Why productivity matters
Almost 70 years ago, Robert Solow published Technical Change and the Aggregate Production Function, a landmark study that redefined how we understand long-term economic growth.¹ His analysis showed that growth was not just driven by accumulation of capital and labor, but also by technological progress. Solow’s study also became the foundation for measuring and analyzing sources of productivity growth.
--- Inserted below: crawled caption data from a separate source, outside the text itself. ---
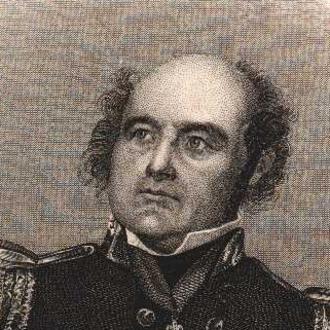 John Franklin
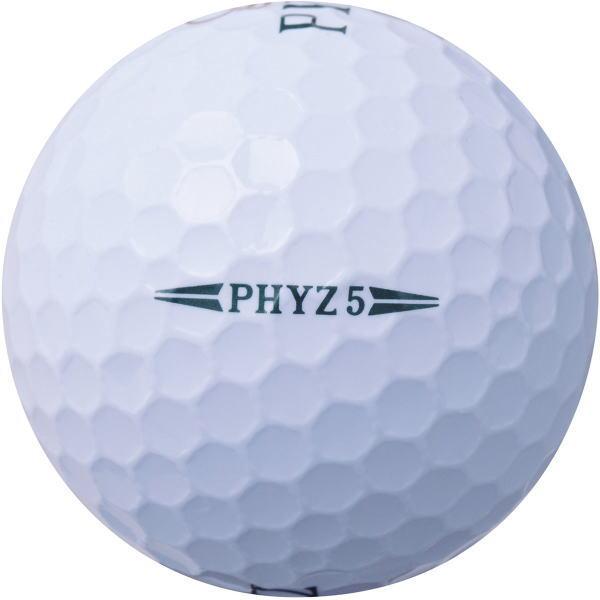 BRIDGESTONE GOLF 【オウンネーム】ブリヂストン ファイズ PHYZ 5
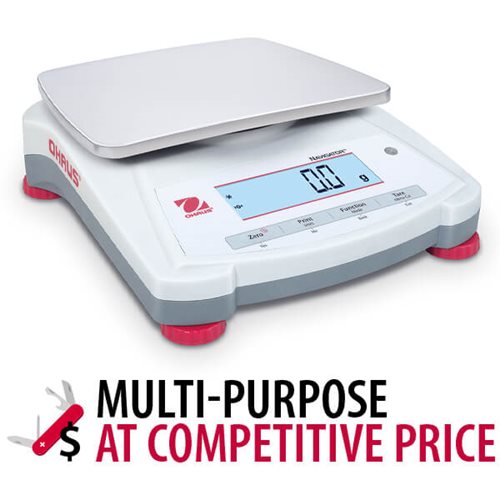 Electronic Balance 220 g - Ohaus - 1022627 - Balances and Scales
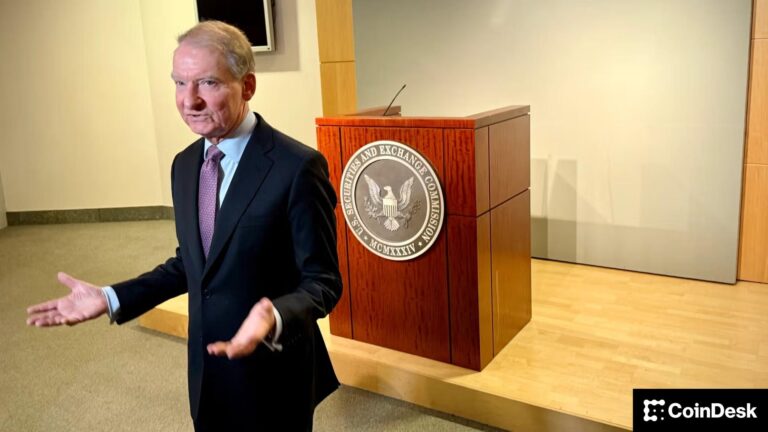 SEC, CFTC to push united crypto work now that they both have Trump-appointed heads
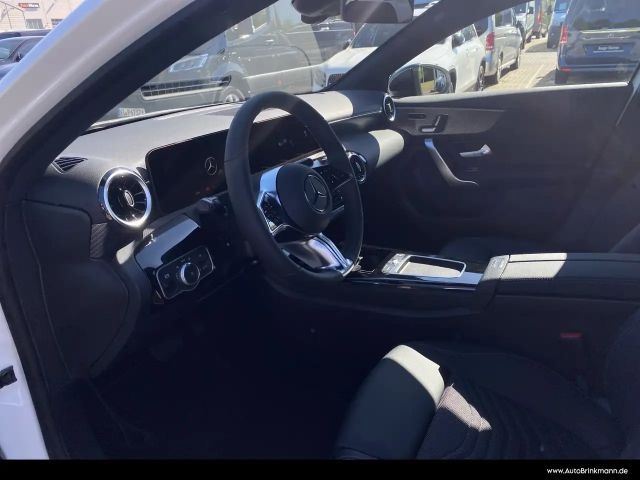 Mercedes-Benz A 180 Progressive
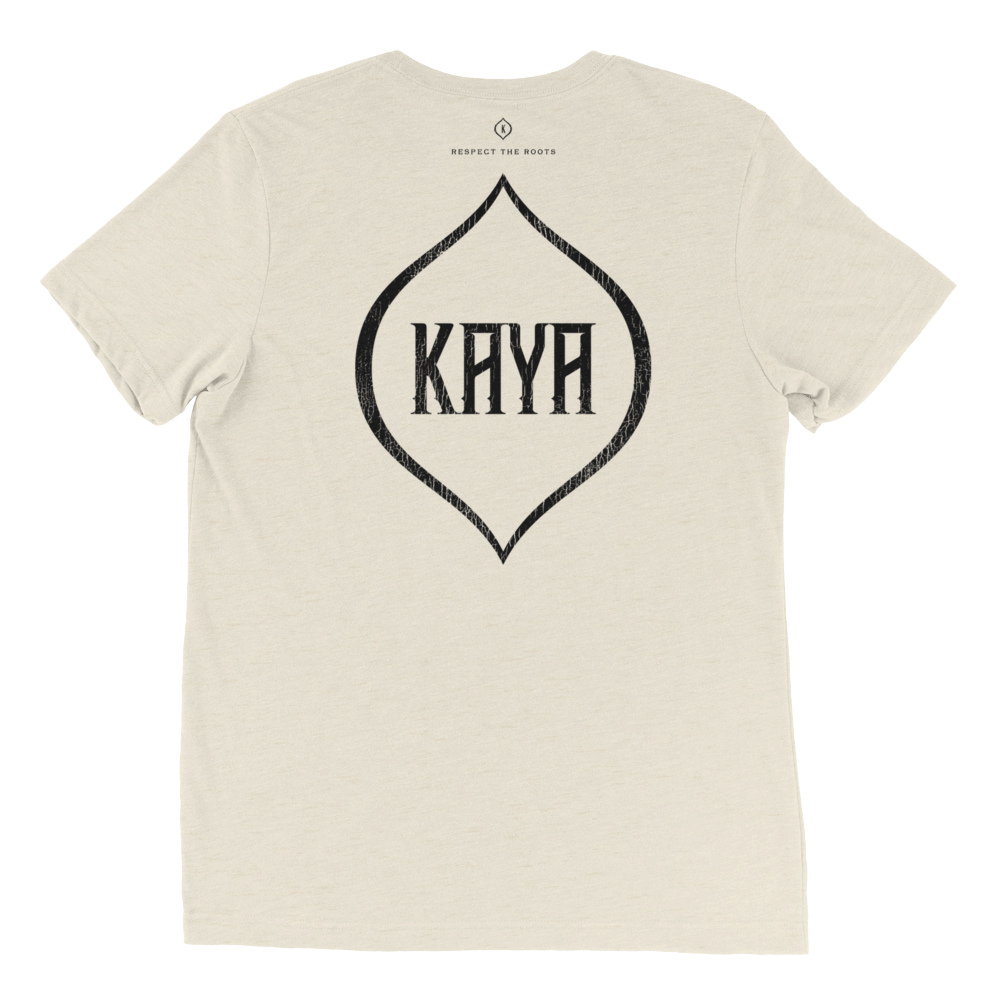 Short Sleeve T-Shirt Kaya with Seed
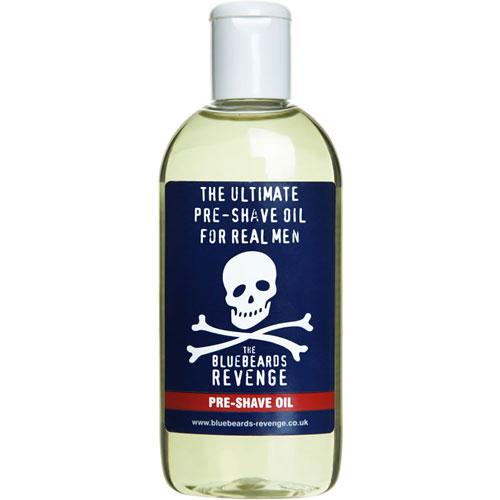Foto The Bluebeards Revenge Pre-Shave Oil (125 ml)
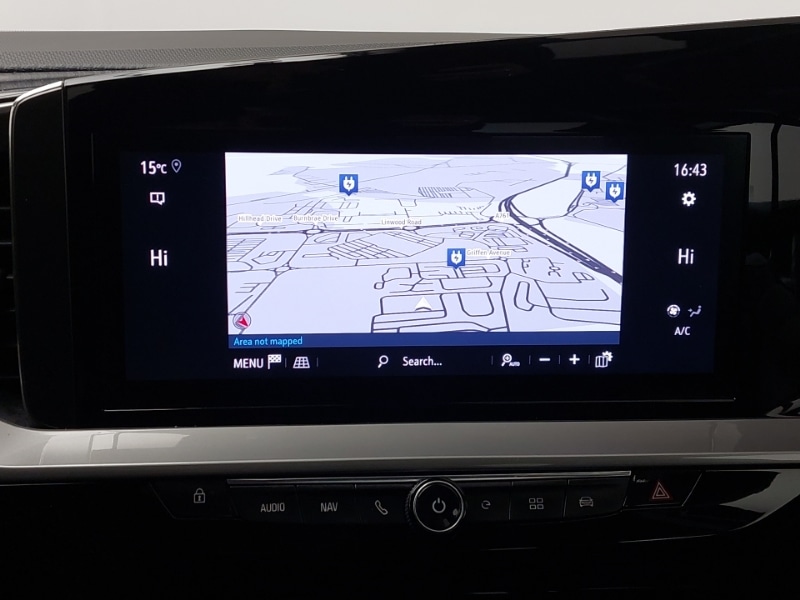 Used Vauxhall Mokka 2023 for sale - 77898013: Photo 11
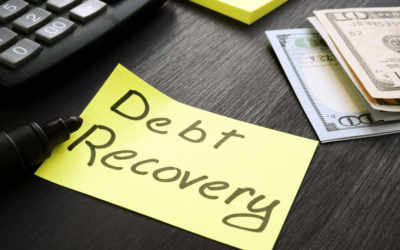Bad Debt and Uncollectible Accounts: Recording and Recovery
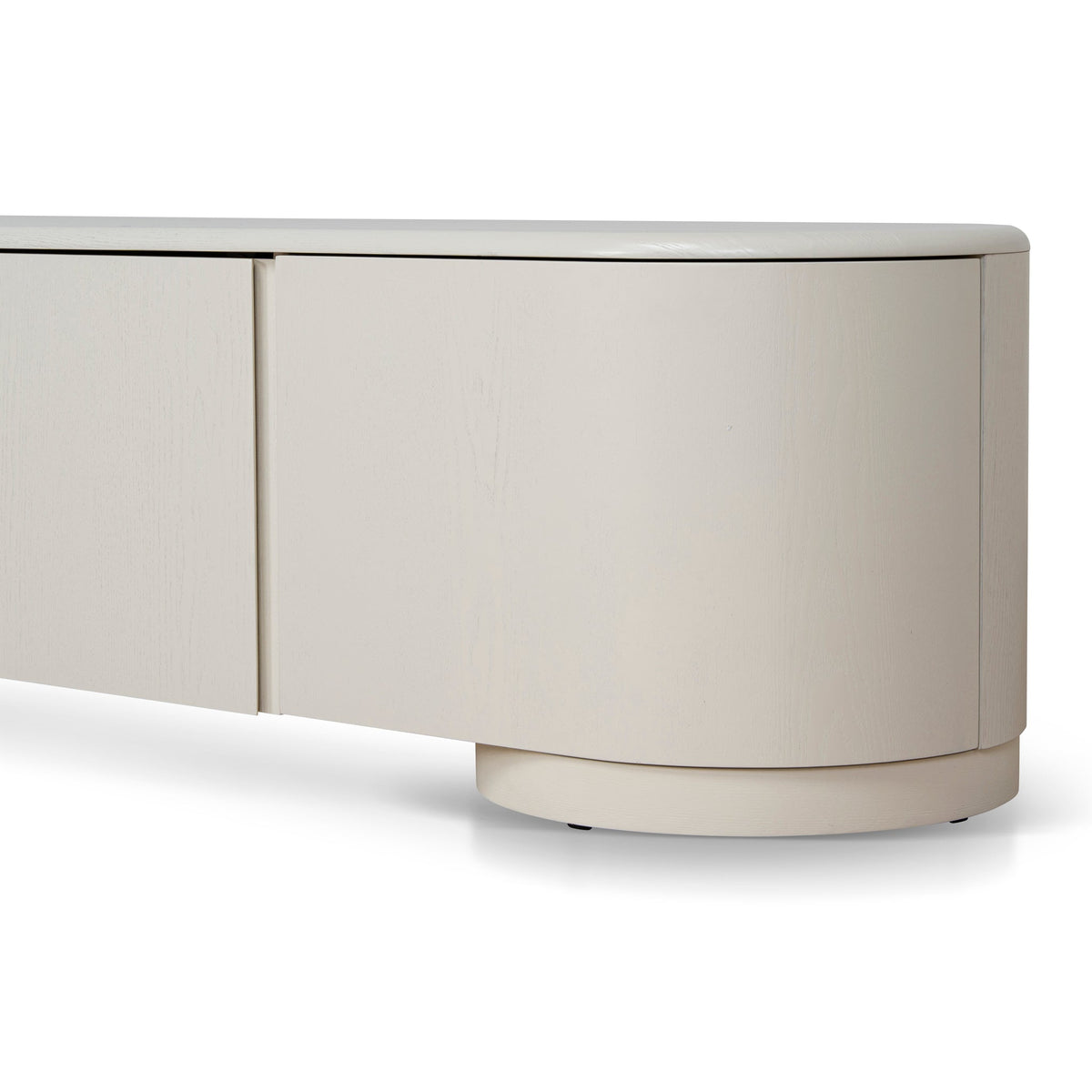 Wellmore 220cm TV Entertainment Unit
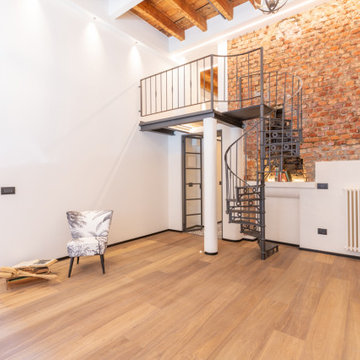 C_16_ "Casa Bottega"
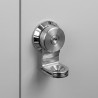 WALLEN Steel Cabinet Locker - JIJI.SG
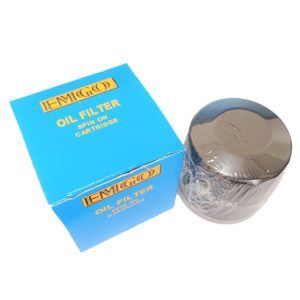 Filtro de aceite GSX-R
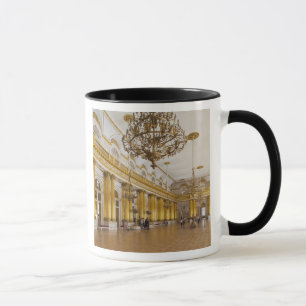 Hermitage Museum, Room 191, The Great Hall Mug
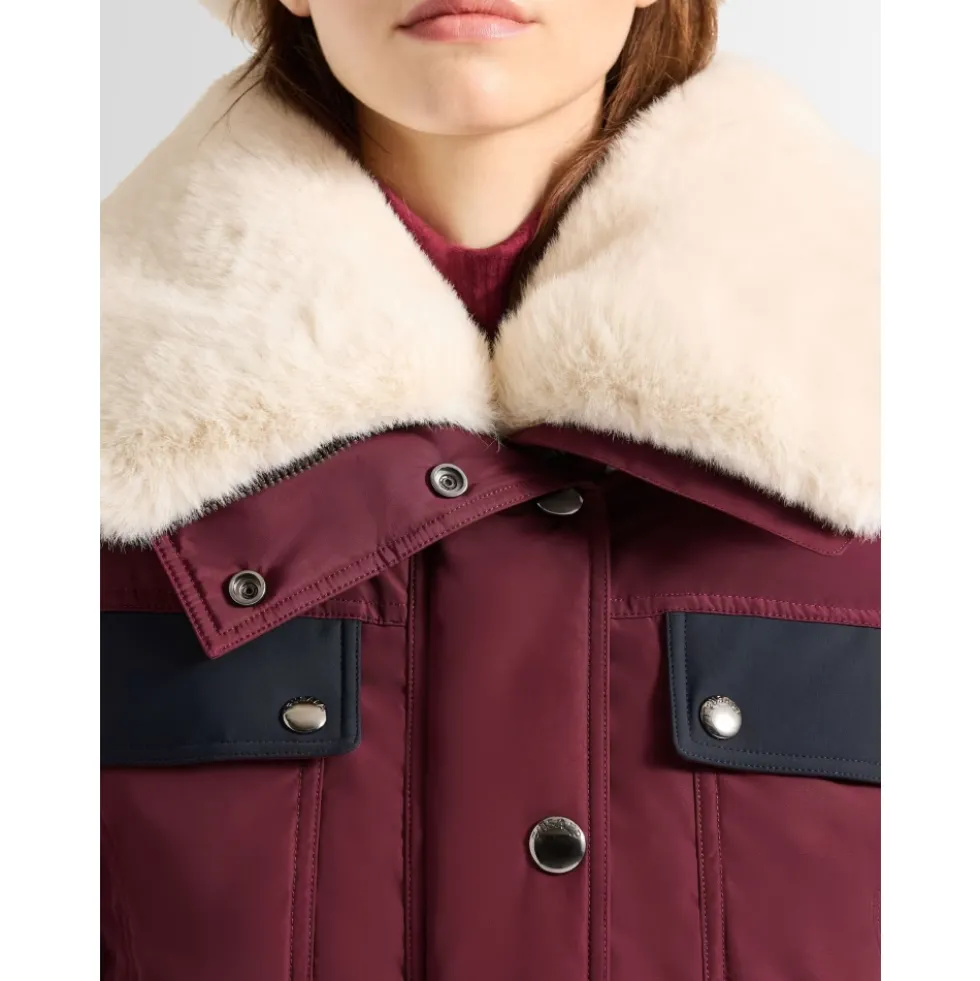 Lakki Ski Jacket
What is productivity? Productivity measures how efficiently inputs are converted into output. An input can include materials, machinery, electricity, business services, and the time people spend working. Output is the amount of goods or services sold. Increases in productivity allow companies to produce more output for any given level of input. Productivity improvements can also lead to higher wages for workers, investment into the business to improve their product or service, increased profits, and even lower prices for consumers.²
Improvements in productivity can also translate to improvements in living standards. Even a small productivity boost can have meaningful implications over time. This is why Nobel laureate Paul Krugman, famously observed that “productivity isn’t everything, but in the long run it is almost everything.”³
How digital payments improve productivity
There is a rich literature studying how certain inputs impact output.⁴ Although multiple factors can affect productivity, one important factor introduced by Solow’s foundational work is technology. In a recent study, Digital payments, output, and productivity: an empirical exploration, authors Cormier et al. make an important contribution to this literature and explore how digital-payment technology can improve labor productivity both in the retail industry and in the overall economy.⁵
What does the study measure?
There have been major surges during the 20th and 21st century in information technology adoption. To account for this, the authors took a novel approach to isolate the impacts of digital payment technologies, such as electronic funds transfer at point-of-sale terminals, that have become increasingly widespread and are believed to streamline commerce.⁶ This study — covering 28 European countries over 26 years (1995-2020) — examines whether streamlining commerce with digital payments materially impacts economic output and labor productivity. Since there have been major surges during the 20th and 21st century in information technology adoption, the authors took a novel approach to isolate the impacts of digital payments technology. Specifically, the authors create a model of the economy with three distinct categories of capital investment,⁷ namely: IT capital; non-IT capital; and digital payment capital. For purposes of this study, the authors use electronic funds transfer at point-of-sale terminals as the indicator of payment capital. By analyzing a rich dataset (i.e., EU KLEMS for economic output and inputs, combined with European Central Bank data on payment terminals), and applying statistical models, the study isolates the effect of digital payments on productivity. Through this rigorous approach, the authors found that greater use of digital payments leads to modest improvements in productivity for merchants, and for the economy overall.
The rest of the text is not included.